COLUMBIA — If the Missouri General Assembly passes a bill allowing the city to place an increase in the city lodging tax on a future ballot, the Columbia City Council probably will be in no rush to do so.
City Manager Mike Matthes and Mayor Bob McDavid have floated the idea of increasing Columbia's tax on hotel and motel rooms to 7 percent, up from the current 4 percent, and using the extra revenue to pay for a better terminal building at Columbia Regional Airport.
The idea would be subject to voter approval. Columbia Public Communications Director Toni Messina, however, said the tax question probably won't appear on a ballot until the city arranges flights to more destinations.
The Missouri House of Representatives passed House Bill 1431 earlier this month. The bill originally focused on extending a tax exemption for the sale of jet fuel until 2023. Rep. Stephen Webber, D-Columbia, shepherded an amendment through the House that authorizes Columbia to seek a higher lodging tax.
"I think the important thing is that (voters) realize that they have the control of this," Webber said. "If we authorize it, and the voters say no, then the voters say no."
The state Senate has yet to take any action on the bill. Sen. Kurt Schaefer, R-Columbia, also emphasized that if the bill is approved, Columbia voters still would have the final say.
"It's not the General Assembly telling them what they have to do; It's giving the municipality the ability to take it to the people," he said.
City officials announced on March 2 that Delta Air Lines Inc. would begin offering daily flights between Columbia and Hartsfield-Jackson Atlanta International Airport on June 7, while continuing two flights per day to and from Memphis International Airport.

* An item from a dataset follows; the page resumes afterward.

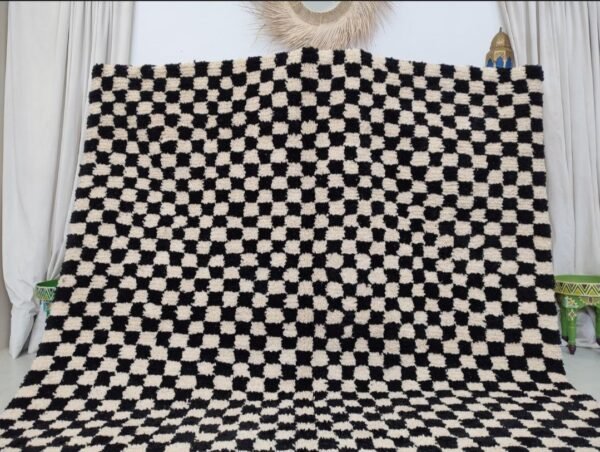 Black and White Checkered Rug Black and White Checkered Rug – Handwoven Wool Rug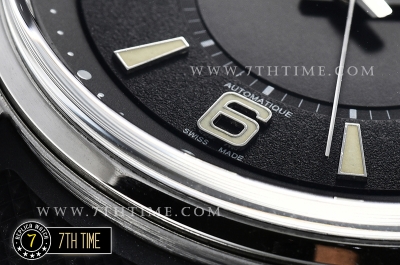 Jaeger Lecoultre Polaris Automatic Black Dial with Numeral and Stick Markers Black Rubber Strap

Messina said the city isn't finished looking for destinations.
"We're continuing to hunt for more places to fly to, and I think once we get maybe another two or even three more destinations, it will be time to see how well the terminal is serving the flying public and then make a decision about putting (the lodging tax) proposal on the ballot," Messina said.
"We certainly want to be able to attract more businesses to the area, and one of the things that is really important to businesses is their ability to get quick air service to the destinations they need," Messina said.
Representatives of the local lodging industry have opposed the idea of a higher tax on hotel and motel rooms, saying it could drive away customers.
Messina said there is a lot of room for potential growth in the number of travelers now that MU has joined the Southeastern Conference.